Man charged in deadly apartment fire
A 57-year-old suburban Chicago man faces charges that he intentionally set an apartment fire that killed three family members, allegedly because his son-in-law didn't ask his permission to marry his daughter, prosecutors said.
Subhash Chander of Oak Forest was ordered held without bond Tuesday on three counts of first-degree murder, one count of intentional homicide of an unborn child and one count of aggravated arson.
Prosecutors allege Chander bought gasoline and carried it in a large prescription medicine container to his pregnant daughter's apartment where he started the fire late Saturday.
Chander, a native of India, told police he disliked his son-in-law because he belonged to a lower caste in India and had married his daughter without his consent, said Cook County 1st Assistant State's Attorney Robert Milan.
"His son-in-law was beneath him in his opinion," Milan said.
But Chander's sister, Kamla Devi, told WBBM 780-AM that her brother is innocent. She said relatives approved of the marriage and that the caste system was not a consideration for her family in India nor is it a consideration now in the United States.
"There was no family problem. There was nothing going on.
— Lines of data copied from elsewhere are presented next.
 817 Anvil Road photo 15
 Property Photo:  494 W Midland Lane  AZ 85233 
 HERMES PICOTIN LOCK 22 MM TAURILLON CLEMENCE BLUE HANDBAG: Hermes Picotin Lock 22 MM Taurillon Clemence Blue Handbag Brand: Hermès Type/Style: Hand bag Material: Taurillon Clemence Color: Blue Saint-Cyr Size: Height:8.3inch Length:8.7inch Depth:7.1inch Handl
Absolutely nothing," Devi said.
Devi told the radio station that the family is from Chandigarh in northern India.
The Cook County medical examiner's office ruled the deaths homicides on Monday and said the victims died of carbon-monoxide poisoning and smoke and soot inhalation.
Milan identified the victims as 22-year-old Monika Rani, her 36-year-old husband, Rajesh Kumar, and their 3-year-old son, Vansh. Rani was five months pregnant, Milan said.
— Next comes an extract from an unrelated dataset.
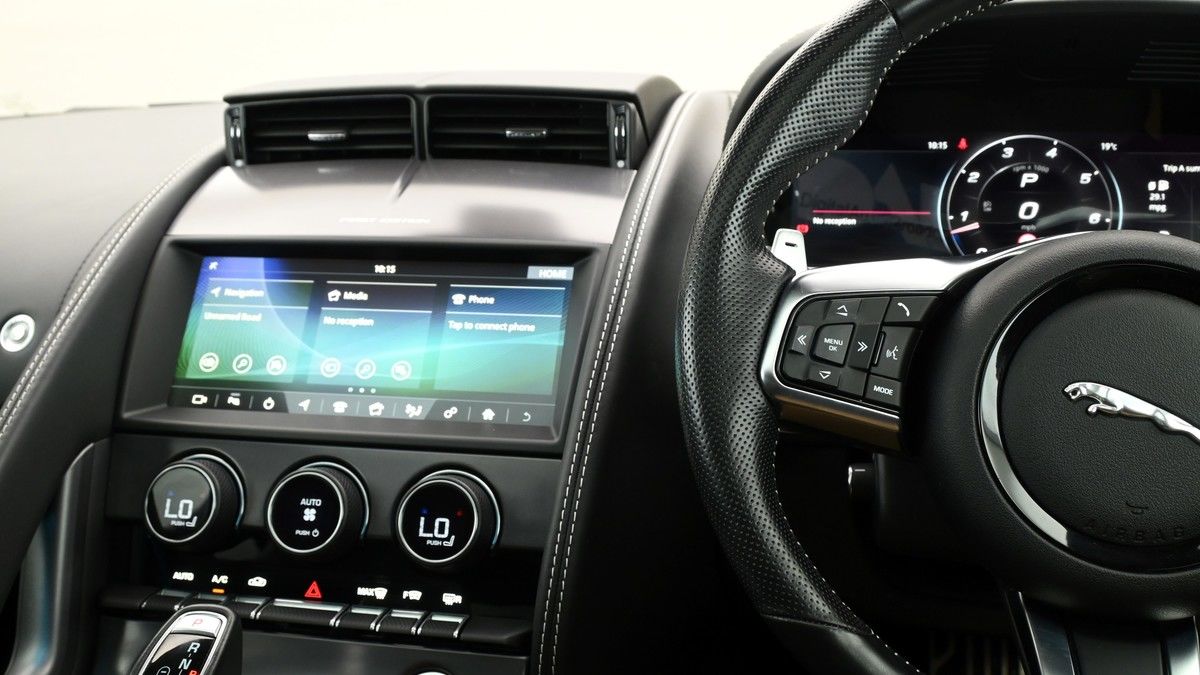 Jaguar F-Type Image 15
Chander was represented by a public defender in bond court Tuesday, according to Milan. The Associated Press was unable to determine who that attorney was. A call placed to a phone listing for Chander reached a man who said it was a wrong number.
Chander told police the gasoline spilled during "a pushing match" with his son-in-law, Milan said. Chander also told police that he ignited the gas with a lighter because he was angry, Milan said.
But prosecutors doubt there was a fight that led to the gas spilling and said the victims may even have been asleep. All the other residents of the apartment building were able to escape, but the victims didn't even call to report the fire, Milan said.
It took firefighters three hours to extinguish the blaze, which gutted the 36-unit Le Claire Station Apartments.
Chander could be seen purchasing gasoline on a service station surveillance videotape, Milan said. He also was identified by witnesses who said they saw him buy the gas and later place a container in a trash receptacle outside his apartment across the street from the apartment building that burned, Milan said.
A pharmaceutical container retrieved from the trash by authorities smelled of gas and had Chander's name on it, Milan said.